Seems obvious, right? But that’s the case with all good names, like Rollerblades and Band-Aids, which are trademarked names of in-line skates and adhesive strips, respectively. No longer will journalists struggle to find consensus on what to call that paved curvy track thingy in Sonoma. No more shall we see Raceway at Sonoma, the Sonoma Racetrack or my personal favorite, the Former Infineon Raceway.
But don’t try visiting www.sonomaraceway.com, because that’s obviously not the correct website for the one-lane, twisty infinite road that hosts NASCAR, NHRA and other major motorsports events. The correct site is www.racesonoma.com. Because anything else would ruin the genius of the new name.

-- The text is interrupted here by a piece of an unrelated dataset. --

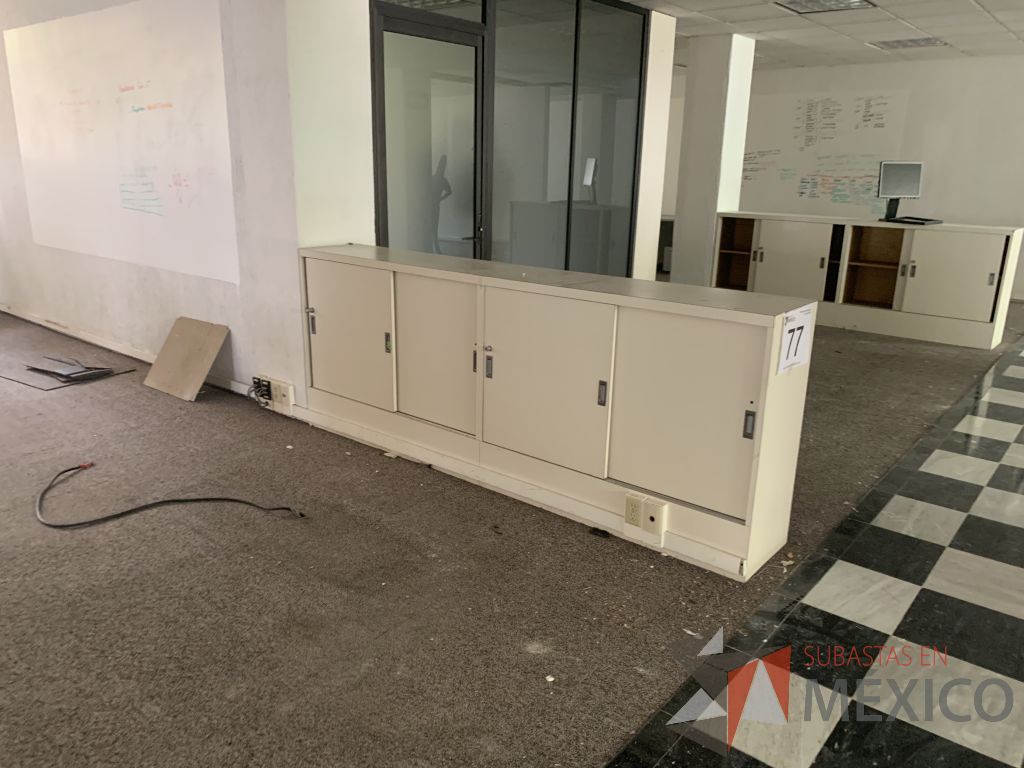Lote 001 - 2 Gabinetes de madera en color blanco de 4 puertas corredizas y 1 entrepaño. - Imagen 3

After losing sponsorship from Infineon, it would be nice to think the 300:1-scale slot car race track in Sonoma defied convention and went with a name proudly boasting its location; after all, the Wine County is world renowned. But, much like Candlestick Park, which simply couldn’t find someone willing to pay millions of dollars for TV announcers just to say the company name a few dozen times per year, it’s more likely a sluggish economy and hesitant accountants contributed to the new name.

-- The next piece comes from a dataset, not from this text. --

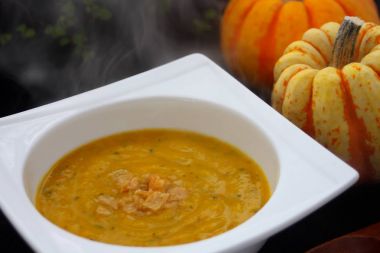 balkabağı çorbası malzemeler ile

Was a local discount considered? What about Mondavi Raceway? Trione Track? Coppola Causeway? (OK, that’s Napa County and Causeway is a weird thing to be racing on, so nix that). How about Guy Fieri’s Donkey Sauce Full Throttle Raceway at 100 Percent Grass-Fed Meyer Ranch? That one sounds like a winner to me, I’ll take two.
But really, no matter what it’s called, I bet there’s a bunch of people who will always call it Sears Point.